## [REQUIRED WORK]
The lines from the one containing "劳动生产率和比较优势_第2页" through the final line of the data below must be written out exactly, both included, and nothing more.

## [SOURCE MATERIAL]
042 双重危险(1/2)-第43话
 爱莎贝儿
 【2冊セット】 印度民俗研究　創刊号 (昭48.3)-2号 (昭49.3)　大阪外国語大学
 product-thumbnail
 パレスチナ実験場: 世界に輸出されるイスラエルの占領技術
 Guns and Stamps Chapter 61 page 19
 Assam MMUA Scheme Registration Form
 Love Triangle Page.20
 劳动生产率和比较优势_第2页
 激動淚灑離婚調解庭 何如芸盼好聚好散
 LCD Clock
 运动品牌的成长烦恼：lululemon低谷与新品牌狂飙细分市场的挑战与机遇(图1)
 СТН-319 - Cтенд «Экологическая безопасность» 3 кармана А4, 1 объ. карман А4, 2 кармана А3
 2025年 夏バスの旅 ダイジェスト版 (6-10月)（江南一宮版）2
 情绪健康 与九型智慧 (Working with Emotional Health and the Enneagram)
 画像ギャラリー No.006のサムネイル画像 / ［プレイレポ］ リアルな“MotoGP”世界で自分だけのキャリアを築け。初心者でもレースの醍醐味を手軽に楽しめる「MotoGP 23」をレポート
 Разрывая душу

## [REPLY]
 劳动生产率和比较优势_第2页
 激動淚灑離婚調解庭 何如芸盼好聚好散
 LCD Clock
 运动品牌的成长烦恼：lululemon低谷与新品牌狂飙细分市场的挑战与机遇(图1)
 СТН-319 - Cтенд «Экологическая безопасность» 3 кармана А4, 1 объ. карман А4, 2 кармана А3
 2025年 夏バスの旅 ダイジェスト版 (6-10月)（江南一宮版）2
 情绪健康 与九型智慧 (Working with Emotional Health and the Enneagram)
 画像ギャラリー No.006のサムネイル画像 / ［プレイレポ］ リアルな“MotoGP”世界で自分だけのキャリアを築け。初心者でもレースの醍醐味を手軽に楽しめる「MotoGP 23」をレポート
 Разрывая душу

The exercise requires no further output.